As a young man, Ernest had carved his initials onto one of those trees along with Gracie’s––and those of another girl too. He hadn’t seen her in forever.
As an aerialist rode a motorcycle on a taut cable stretched from the stadium to the Space Needle, Ernest listened to the whooshing and mechanical thrumming of carnival rides. He caught the aroma of freshly spun cotton candy, still warm, and remembered the sticky-sweet magic of candied apples. He felt a pressing wave of déjà vu.
The present is merely the past reassembled, Ernest mused as he pictured the two girls and how he’d once strolled with them, arm in arm, on the finely manicured grounds of Seattle’s first world’s fair, the great Alaska-Yukon-Pacific Exposition, back in 1909. When the city first dressed up and turned its best side to the cameras of the world.

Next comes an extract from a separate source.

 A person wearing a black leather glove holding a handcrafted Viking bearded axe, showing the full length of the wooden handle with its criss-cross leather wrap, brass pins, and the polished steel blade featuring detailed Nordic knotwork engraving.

He remembered a perfect day, when he fell in love with both girls.
But as Ernest walked to the gate and leaned on the cold metal bars, he also smelled smoke. He heard fussy children crying. And his ears were still ringing with the echoes of the celebratory cannons that had scared the birds away.
He drew a deep breath. Memories are narcotic, he thought. Like the array of pill bottles that sit cluttered on my nightstand. Each dose, carefully administered, use as directed. Too much and they become dangerous. Too much and they’ll stop your heart.